First of all, we need to determine how much leverage the broker provides us with. Some brokers provide leverage as high as 500:1, so we assume that the leverage ratio we trade is 500:1. This means that our own funds of 200 US dollars can leverage 100,000 US dollars of funds (200*500=100,000). In currency trading, we can make a standard lot of EUR/USD orders (1 standard hand EUR/USD The contract value was exactly $100,000). After the leverage is determined, we can determine our maximum position size. Sometimes when our account funds are insufficient, the broker will ask for a margin call.
Next, we have to learn to set a stop loss. The less our principal, the smaller the stop loss distance should be. If we set the maximum risk amount (that is, the maximum loss amount) of each transaction to 50 US dollars, then the maximum stop loss distance is 5 points, because the value of one point of exchange rate fluctuation is 10 US dollars. Therefore, the larger the stop loss distance you set, the greater the risk limit of each order, and the greater the threat to your principal.
The next thing to look at is win and loss ratios. Assuming that the winning rate is 60%, 6 out of every 10 transactions are profitable (there is historical data to support this point of view, not a number assumed at random). If you lose $50 per order, then lose six times in a row, which is $300, then your account is basically lost, so you have to reduce your risk limit a little. Assuming a risk limit of $20 per trade (10% of the account funds), we have enough risk tolerance for six or seven consecutive losses.
Now, I choose to risk $20 per trade, and we won't change our position size until the account doubles. When the account fund grows to $400, you can increase the risk limit of each order to $40, when the account increases to $800, you can set the risk limit to $80, and so on. Or you can take a more conservative approach and withdraw $200 when the account doubles to $400, withdraw $400 when the account doubles to $800, and so on. After using this method to withdraw cash twice, it can play a role in protecting funds, and you will never worry about bankruptcy.

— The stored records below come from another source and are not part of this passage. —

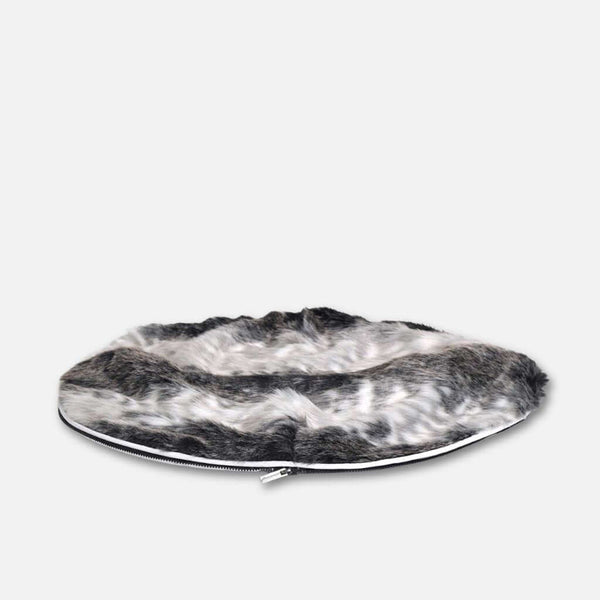 En rund, platt hundeseng med en fluffig, svart, vit och grå fuskepelstrekk och luksuriøs pelstopp, mot en enfärgad ljusgrå bakgrund.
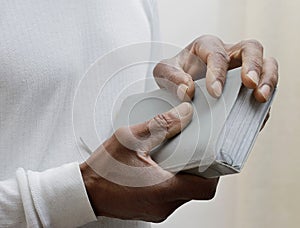 man praying to god with bible with background with people stock image stock photo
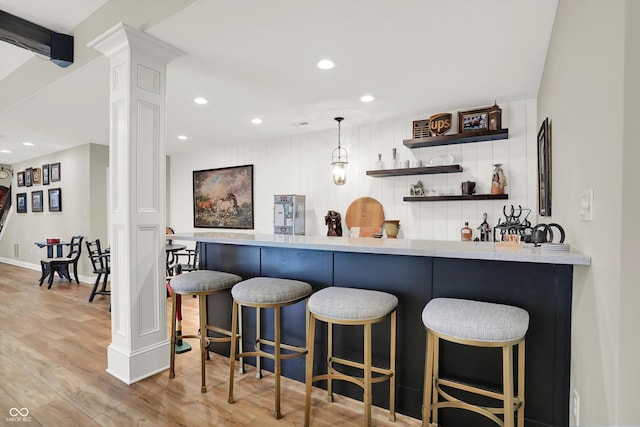 3441 S Overlook Pass, New Palestine, IN 46163 - indoor wet bar featuring decorative columns, stainless steel refrigerator, light wood-style flooring, recessed lighting, and hanging light fixtures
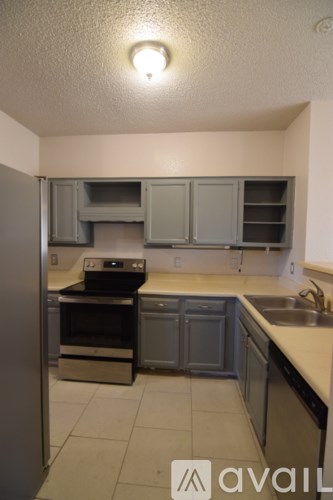 A kitchen with a stove, oven, and sink.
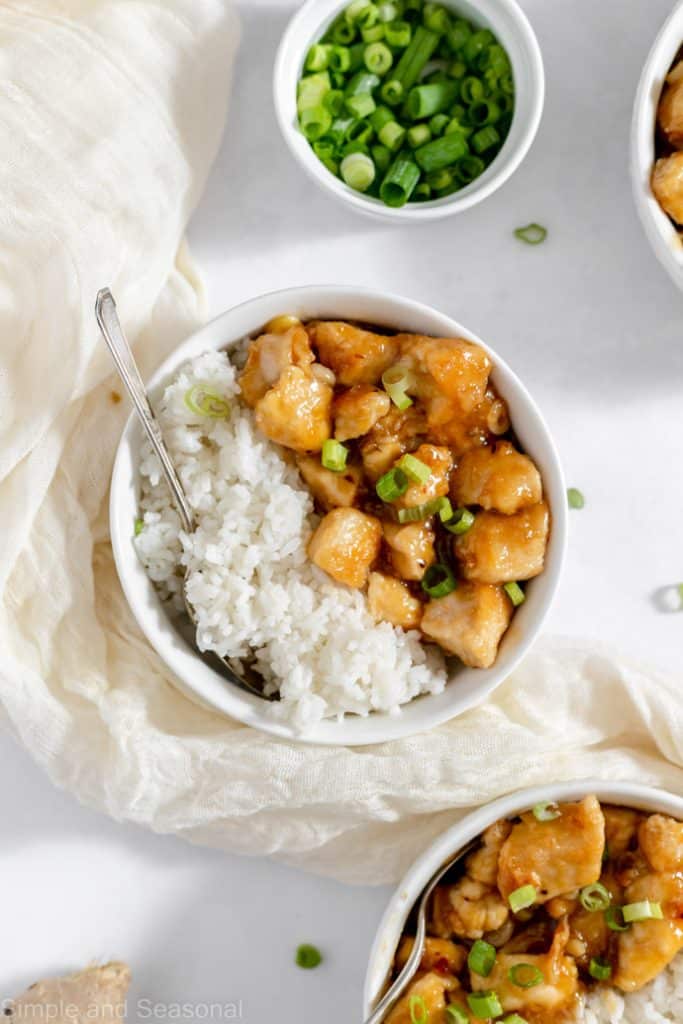 top down view of table with several bowls of spicy sweet chicken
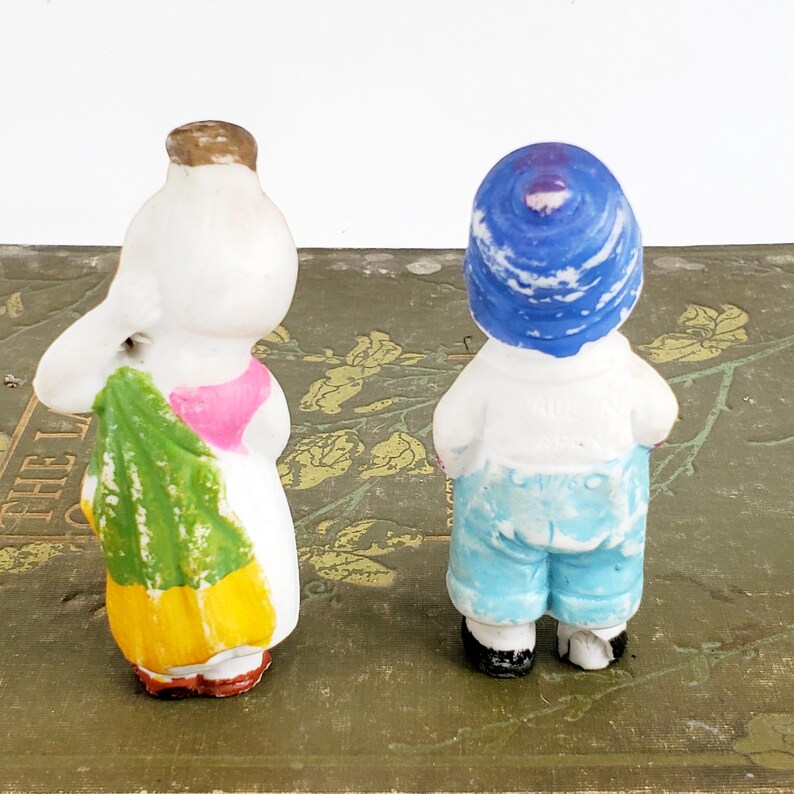 Puede incluir: Dos peque&ntilde;as figuras de porcelana vintage. Una figura lleva un vestido blanco con un top rosa y sostiene un objeto verde y amarillo. La otra figura lleva una camisa blanca, pantalones cortos azules y un sombrero azul. Ambas figuras tienen detalles pintados.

Looking back at the beginning, the winning rate was set at 60%, the risk-benefit ratio was set at 1:1.2, 10 transactions per week, and a monthly net profit of 12.8 units, which means that the account would double every Thursday times. Of course, you may also lose money, but once you master the correct method and control the risk, you will naturally make a lot of money. Because your principal is too small, you have to adopt aggressive fund management strategies, but at the same time, the risk will also increase, and you are likely to lose your position. But if you catch a good profit opportunity, then you can make a lot of money. After all, you only lose $200. This will not directly affect your life security for you. You don’t need Risk your life savings.
It is very important to understand that this aggressive trading strategy is not a long-term solution, it just helps you more likely to achieve your wealth goals. You should also properly control the risk, don't feel that losing $200 is like losing everything, it's no big deal. Our emotional capital is as important as money, so learn to preserve your emotional capital.